RECORDS SHOWN: Begin

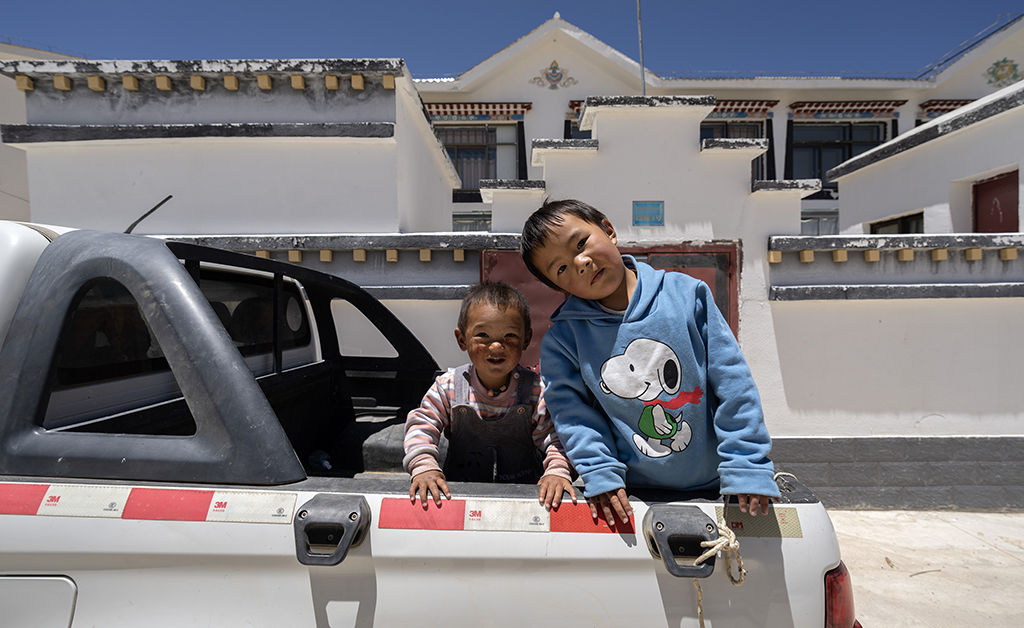 5月28日，洛桑占堆老人的重孙子次仁顿珠（右）和扎西尼玛在自己居住的典角村“五代房”外面玩耍。新华社记者 费茂华 摄
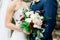 Caucasian Bride and Groom with a Rose Wedding Bouquet, Bridal Detail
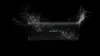 A black Sony Bluetooth speaker is shown against a black background, with white particles exploding outwards from both sides. Voir les images du produit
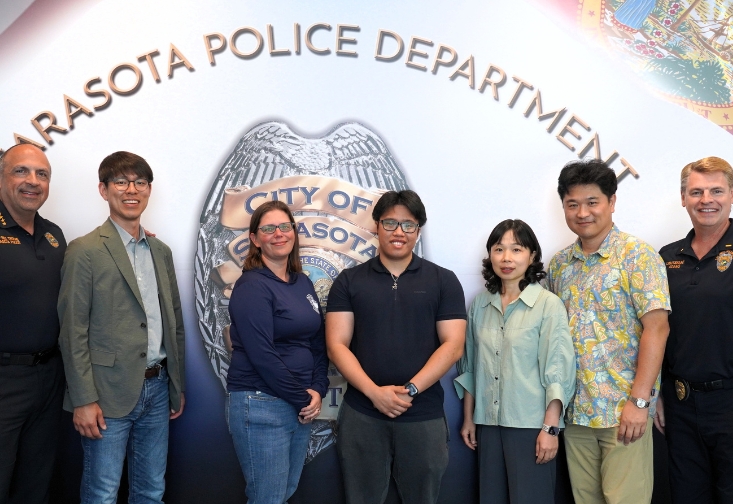 USF researchers and Sarasota Police Department personnel pose together in front of a Sarasota Police Department wall emblem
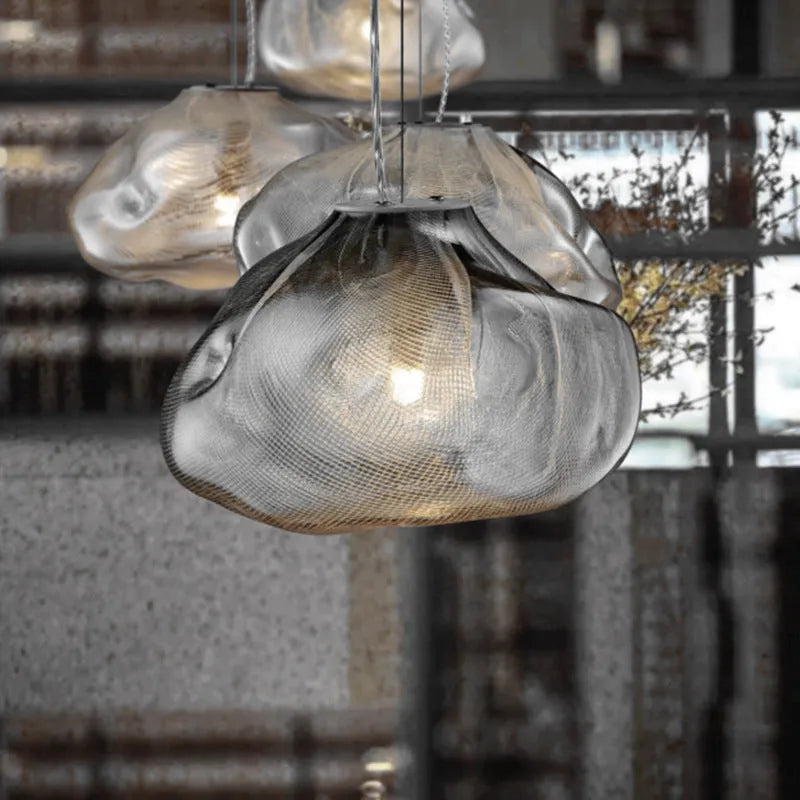 Postmodern glass decorative chandelier with a fabric design, shown in clear and smoke grey light options.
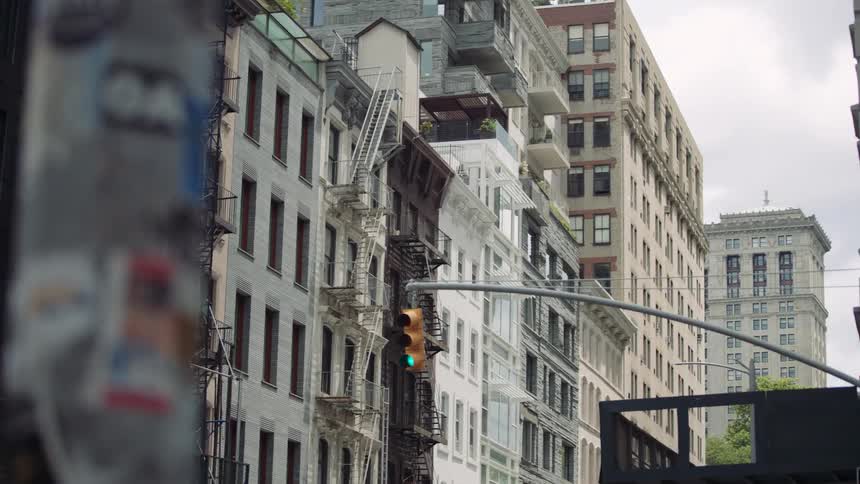 A streetlevel view of a bustling urban environment likely in a major city characterized by a mix of old and new architecture the sky appears overcastin the foreground on the far left theres a heavily stickered or posted pole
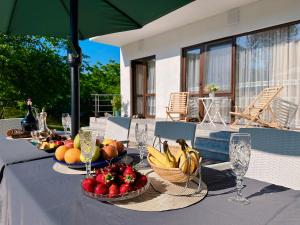 a table with bowls of fruit on top of it at VILLA EVA - 5 min to the beach in Shekhvetili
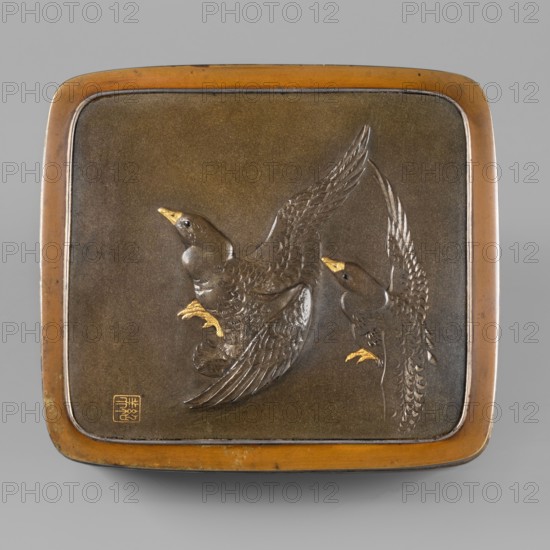 Box with a lid, Jômi, Eisuke I 1839-1899 artist; geese, grass; rectangular box with rounded corners, decorated on the flat lid with two flying wild geese in high relief with inlay of silver and gold iro-e zogan technique; side walls decorated with a motif of inclined reeds in silver and shakudo using the hira-zogan technique, giving a painted effect; lid bears a gold signature in a square field with two stylized kanji characters resembling archaic ones: Shobi; ca. 1880–1899 Meiji Period, 1868–1912, Kyoto, Japan; container; height 4.8 cm, width 10.2 cm, depth 11.4 cm, A square metal plaque with rounded corners sits against a neutral gray background; the plaque has a warm brown and bronze outer rim and a darker brown central field that shows a raised relief of two birds in flight. The birds are rendered in darker brown metal with polished feather texture, and they have contrasting gold-colored beaks and feet. The larger bird is positioned on the left with wings spread upward and tail fea...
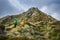 Woman hiker walking on an alpine section of the Kepler Track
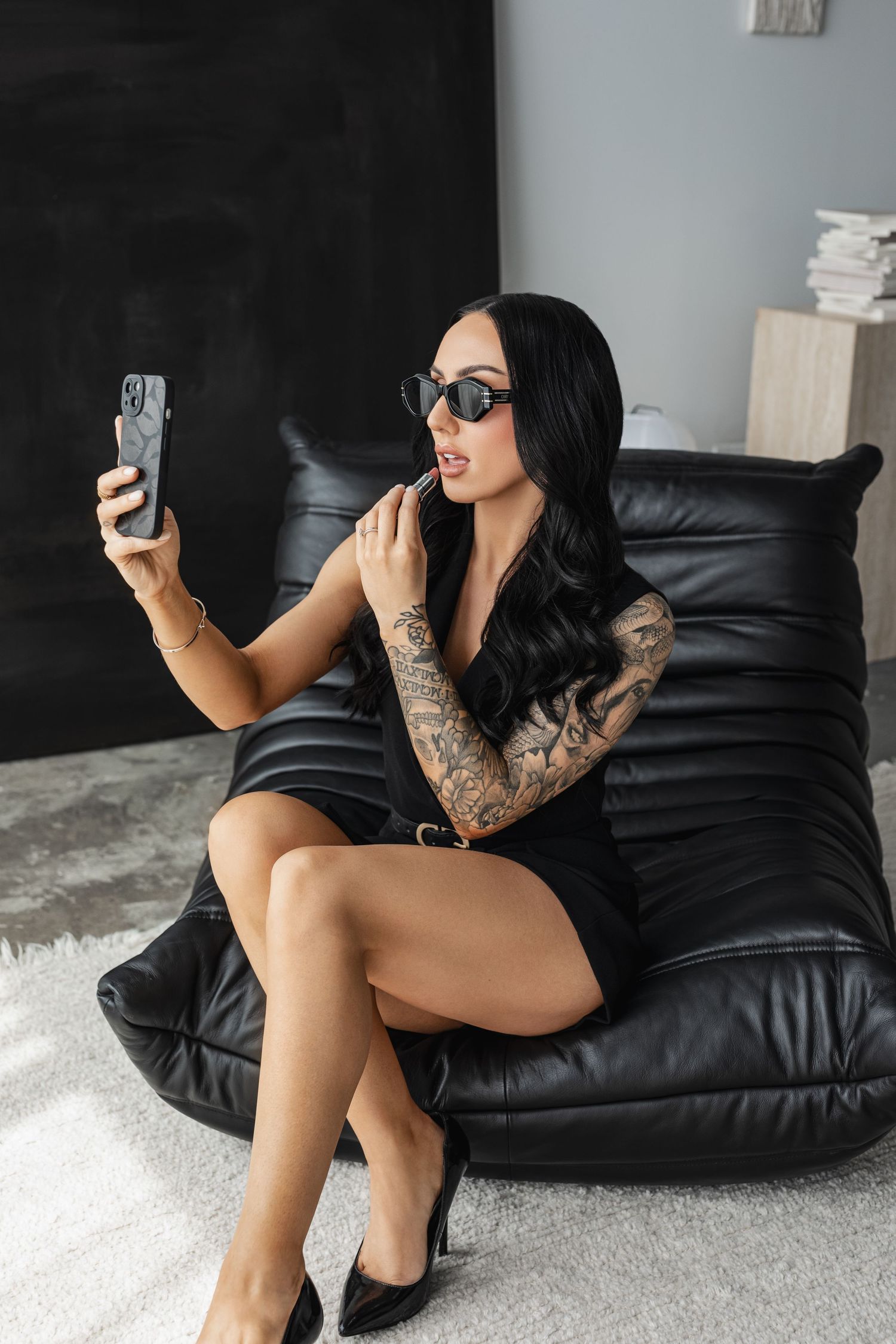 Stylish portrait on black leather chair showing tattoo sleeve and sunglasses.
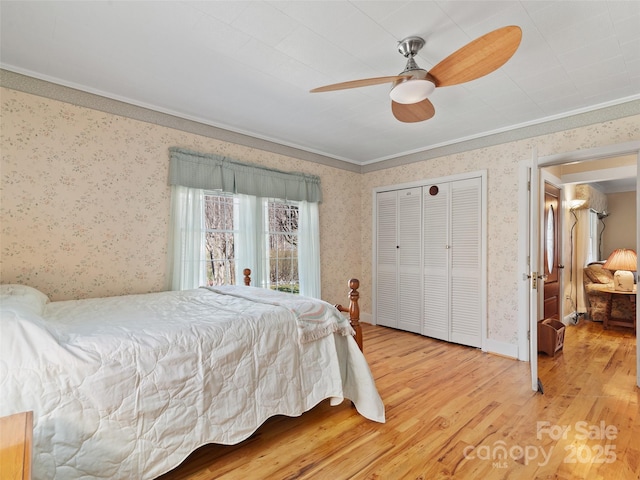 195 Nature Ln, Waynesville, NC 28786 - bedroom with a closet, wood finished floors, baseboards, wallpapered walls, and ceiling fan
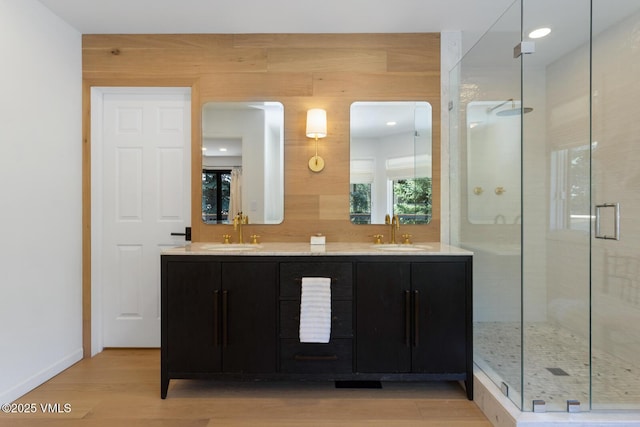 971 Winslow Rd, Edwards, CO 81632 - full bathroom featuring wood finished floors, a shower stall, double vanity, baseboards, and recessed lighting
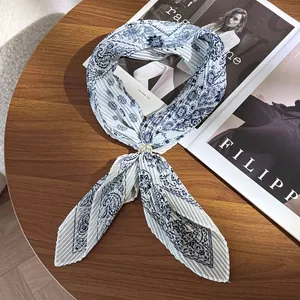 Close-up of pleated paisley silk scarf with vintage pattern and metal ring buckle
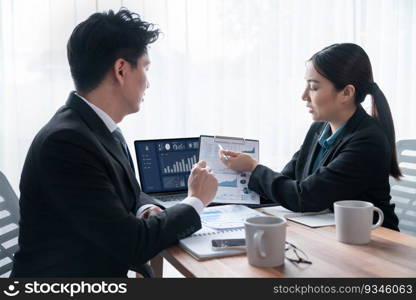 Busy analyst team in office discuss data analysis and marketing strategy using BI dashboard and statistics on laptop screen to improve business performance at meeting with strong teamwork. Jubilant. Busy analyst team in office discuss data analysis and marketing. Jubilant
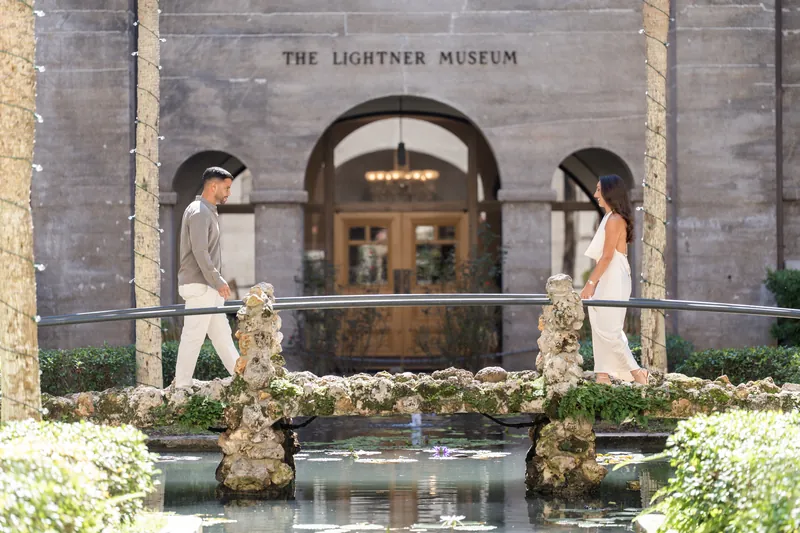 Two people in white stand on opposite sides of a reflecting pool, facing each other before the museum entrance.
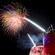 Brilliant fireworks light up the night sky above a Disney Cruise Line ship 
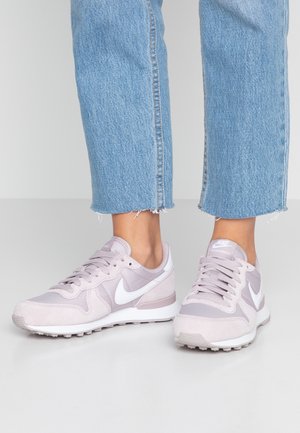 Person iført lyse lilla og hvide Nike-sneakers med snørebånd, kombineret med korte lyseblå denimjeans på en grå overflade.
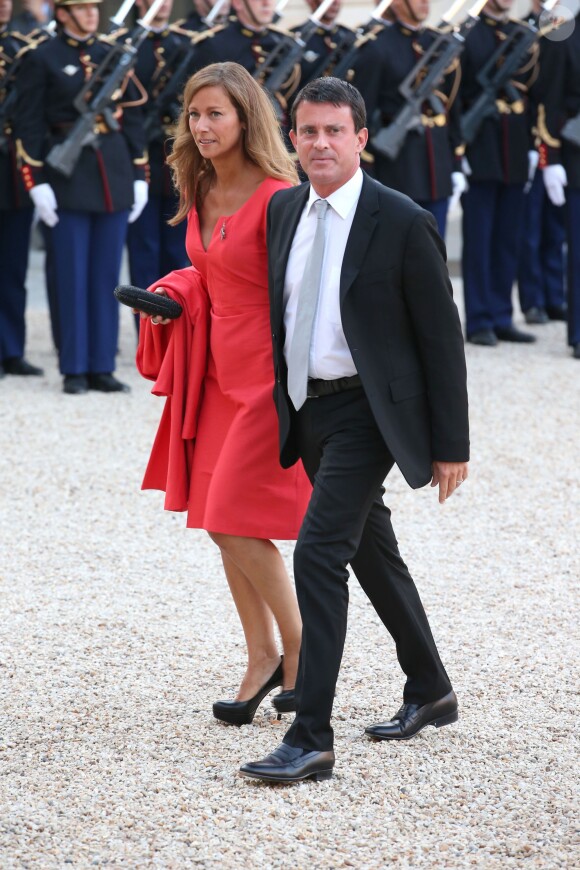Manuel Valls et son épouse violoniste Anne Gravoin lors d'un dîner d'Etat à l'Elysée le 3 septembre 2013.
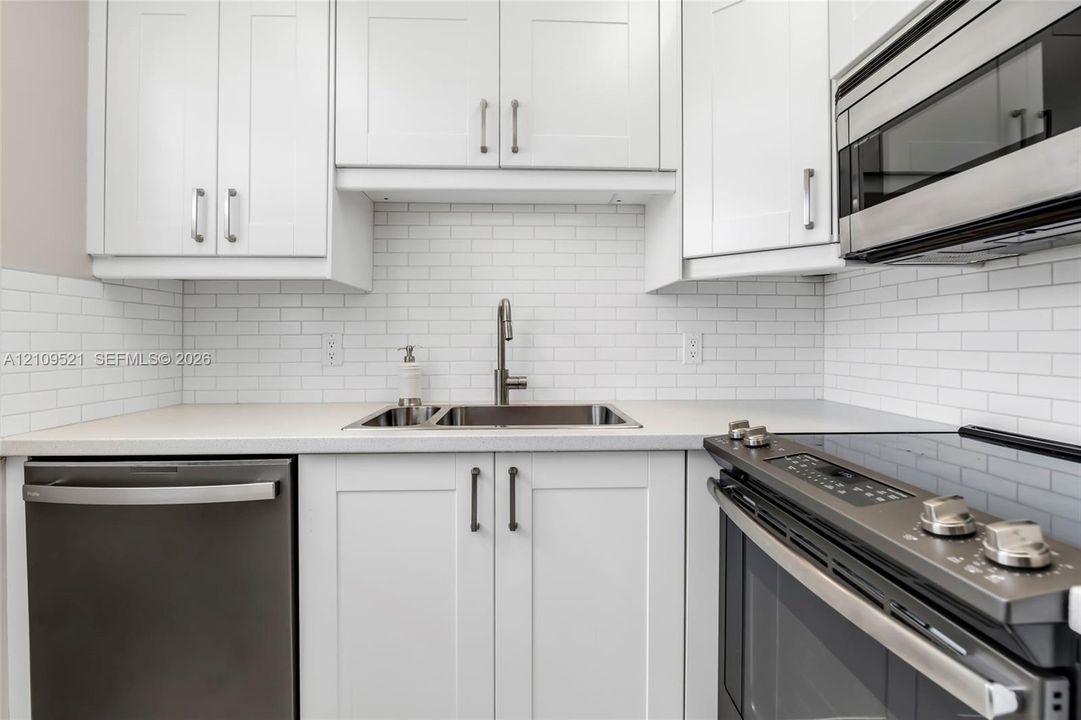 Kitchen featuring white shaker-style cabinetry, white subway tile backsplash, stainless steel appliances, and a dual-basin stainless steel sink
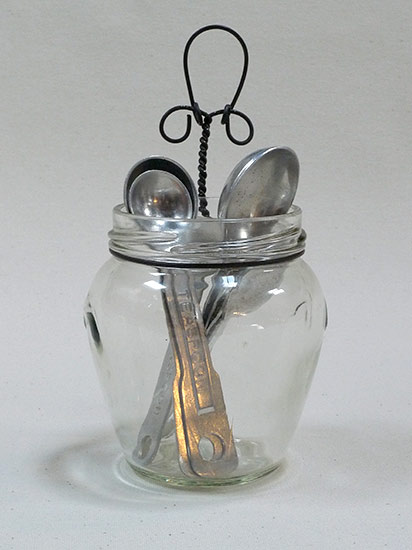 Joan Anderson useful scultpture with wire and found objects.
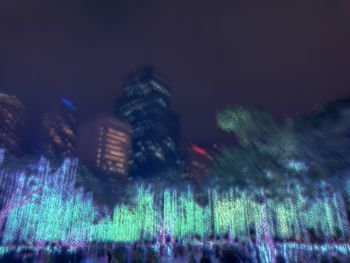 Illuminated cityscape against sky at night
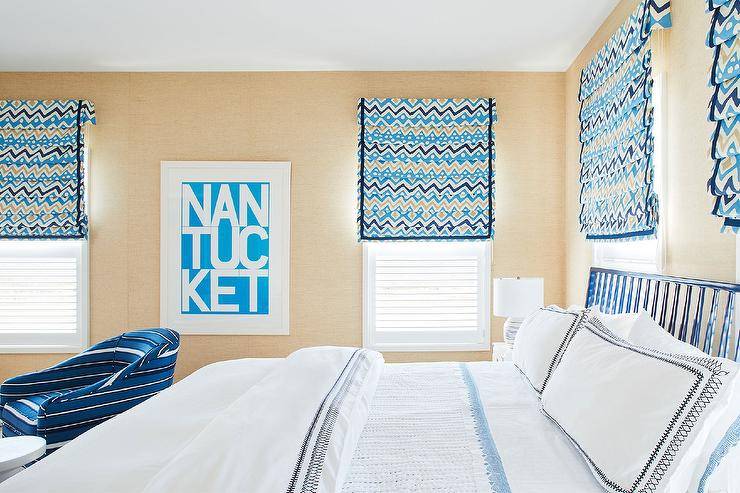 Tan wallpaper covers the walls of a white, blue, and tan bedroom featuring windows covered in tan and blue geometric roman shades flanking white and blue typography art.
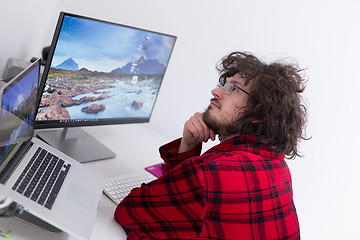 Image showing graphic designer in bathrobe working at home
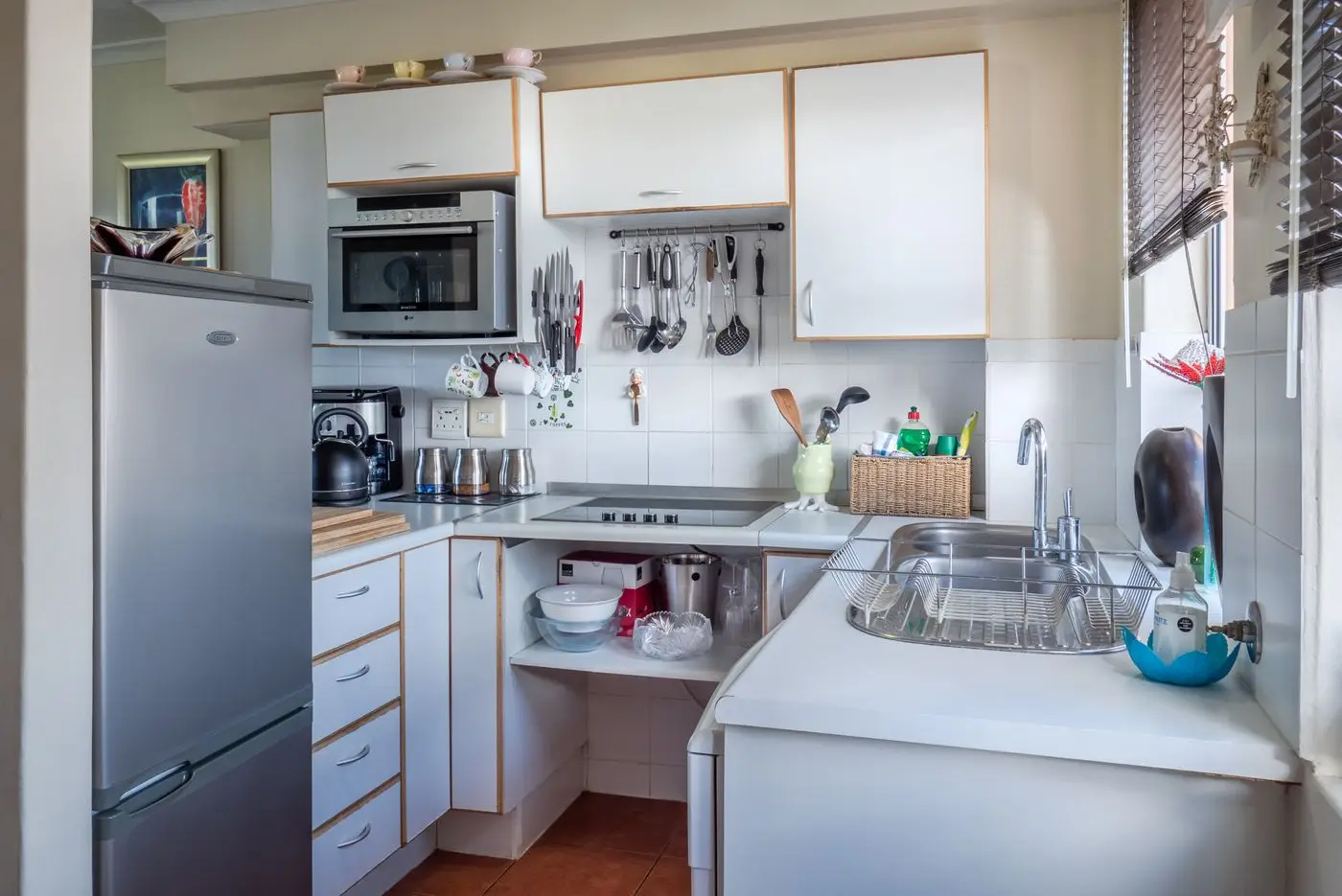 A bright residential kitchen with cabinets and counters. Rockford.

RECORDS SHOWN: End

EXERCISE INSTRUCTIONS: Apart from the pictures, all of the data should be repeated exactly.

SOLUTION TO THIS EXERCISE:
 5月28日，洛桑占堆老人的重孙子次仁顿珠（右）和扎西尼玛在自己居住的典角村“五代房”外面玩耍。新华社记者 费茂华 摄
 Caucasian Bride and Groom with a Rose Wedding Bouquet, Bridal Detail
 A black Sony Bluetooth speaker is shown against a black background, with white particles exploding outwards from both sides. Voir les images du produit
 USF researchers and Sarasota Police Department personnel pose together in front of a Sarasota Police Department wall emblem
 Postmodern glass decorative chandelier with a fabric design, shown in clear and smoke grey light options.
 A streetlevel view of a bustling urban environment likely in a major city characterized by a mix of old and new architecture the sky appears overcastin the foreground on the far left theres a heavily stickered or posted pole
 a table with bowls of fruit on top of it at VILLA EVA - 5 min to the beach in Shekhvetili
 Box with a lid, Jômi, Eisuke I 1839-1899 artist; geese, grass; rectangular box with rounded corners, decorated on the flat lid with two flying wild geese in high relief with inlay of silver and gold iro-e zogan technique; side walls decorated with a motif of inclined reeds in silver and shakudo using the hira-zogan technique, giving a painted effect; lid bears a gold signature in a square field with two stylized kanji characters resembling archaic ones: Shobi; ca. 1880–1899 Meiji Period, 1868–1912, Kyoto, Japan; container; height 4.8 cm, width 10.2 cm, depth 11.4 cm, A square metal plaque with rounded corners sits against a neutral gray background; the plaque has a warm brown and bronze outer rim and a darker brown central field that shows a raised relief of two birds in flight. The birds are rendered in darker brown metal with polished feather texture, and they have contrasting gold-colored beaks and feet. The larger bird is positioned on the left with wings spread upward and tail fea...
 Woman hiker walking on an alpine section of the Kepler Track
 Stylish portrait on black leather chair showing tattoo sleeve and sunglasses.
 195 Nature Ln, Waynesville, NC 28786 - bedroom with a closet, wood finished floors, baseboards, wallpapered walls, and ceiling fan
 971 Winslow Rd, Edwards, CO 81632 - full bathroom featuring wood finished floors, a shower stall, double vanity, baseboards, and recessed lighting
 Close-up of pleated paisley silk scarf with vintage pattern and metal ring buckle
 Busy analyst team in office discuss data analysis and marketing strategy using BI dashboard and statistics on laptop screen to improve business performance at meeting with strong teamwork. Jubilant. Busy analyst team in office discuss data analysis and marketing. Jubilant
 Two people in white stand on opposite sides of a reflecting pool, facing each other before the museum entrance.
 Brilliant fireworks light up the night sky above a Disney Cruise Line ship 
 Person iført lyse lilla og hvide Nike-sneakers med snørebånd, kombineret med korte lyseblå denimjeans på en grå overflade.
Manuel Valls et son épouse violoniste Anne Gravoin lors d'un dîner d'Etat à l'Elysée le 3 septembre 2013.
 Kitchen featuring white shaker-style cabinetry, white subway tile backsplash, stainless steel appliances, and a dual-basin stainless steel sink
 Joan Anderson useful scultpture with wire and found objects.
 Illuminated cityscape against sky at night
 Tan wallpaper covers the walls of a white, blue, and tan bedroom featuring windows covered in tan and blue geometric roman shades flanking white and blue typography art.
 Image showing graphic designer in bathrobe working at home
 A bright residential kitchen with cabinets and counters. Rockford.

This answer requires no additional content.